What this task involves:
An exact restatement of the data is required, with the images omitted.

Data extract:
§ §

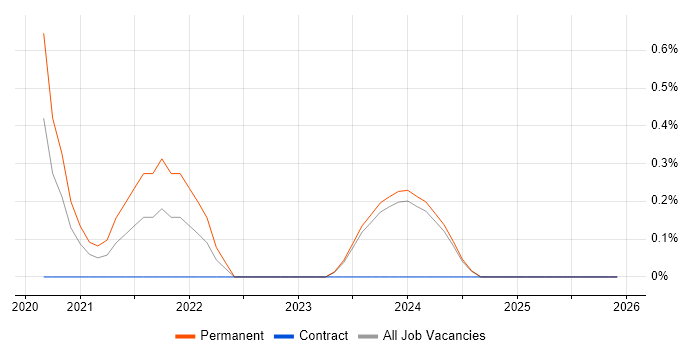 (ISC)2 CCSP job vacancy trend in Lancashire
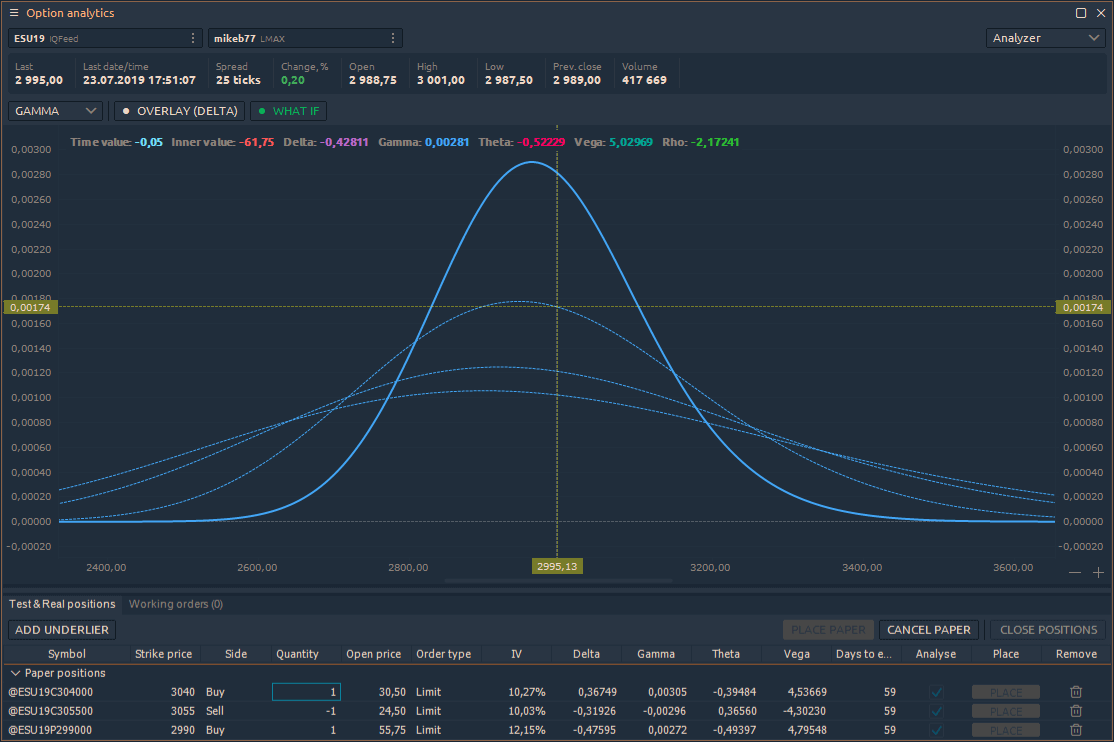 Shows change of Delta when the underlier price moves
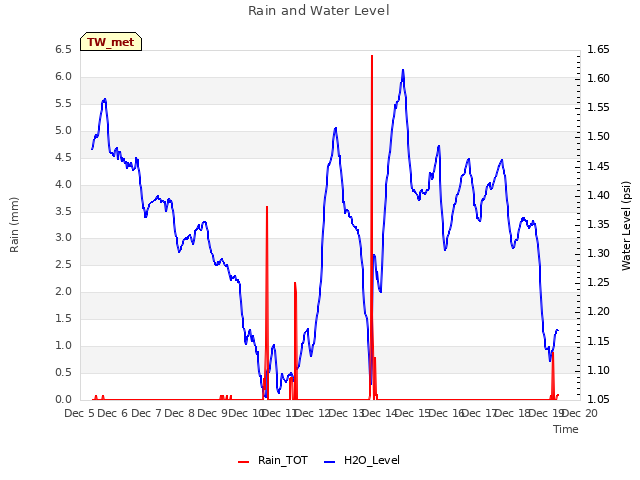 plot of Rain and Water Level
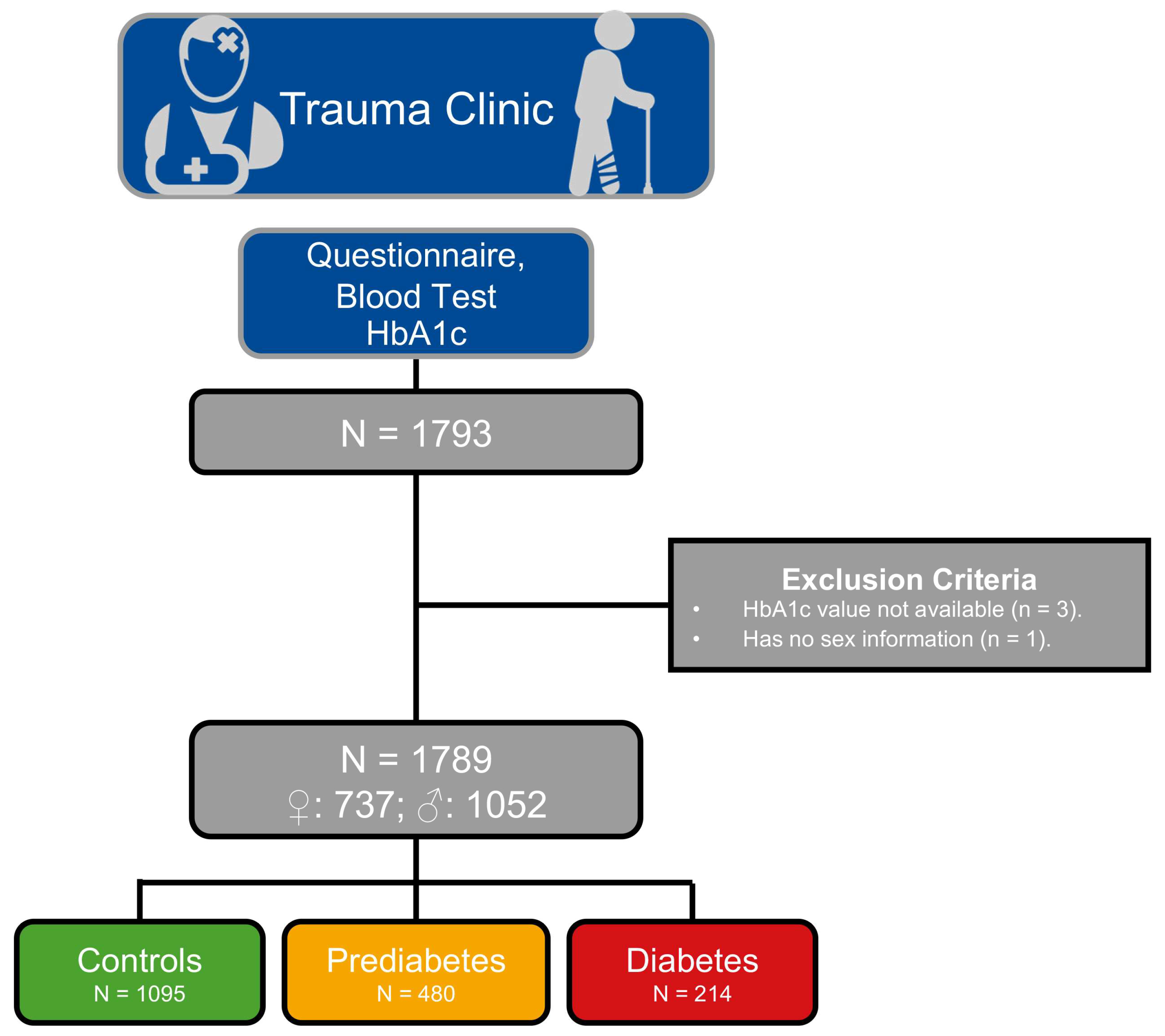 Clinically Interpretable Machine Learning for Glycemic Risk Screening ...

§ §

Completed exercise:
 (ISC)2 CCSP job vacancy trend in Lancashire
 Shows change of Delta when the underlier price moves
 plot of Rain and Water Level
 Clinically Interpretable Machine Learning for Glycemic Risk Screening ...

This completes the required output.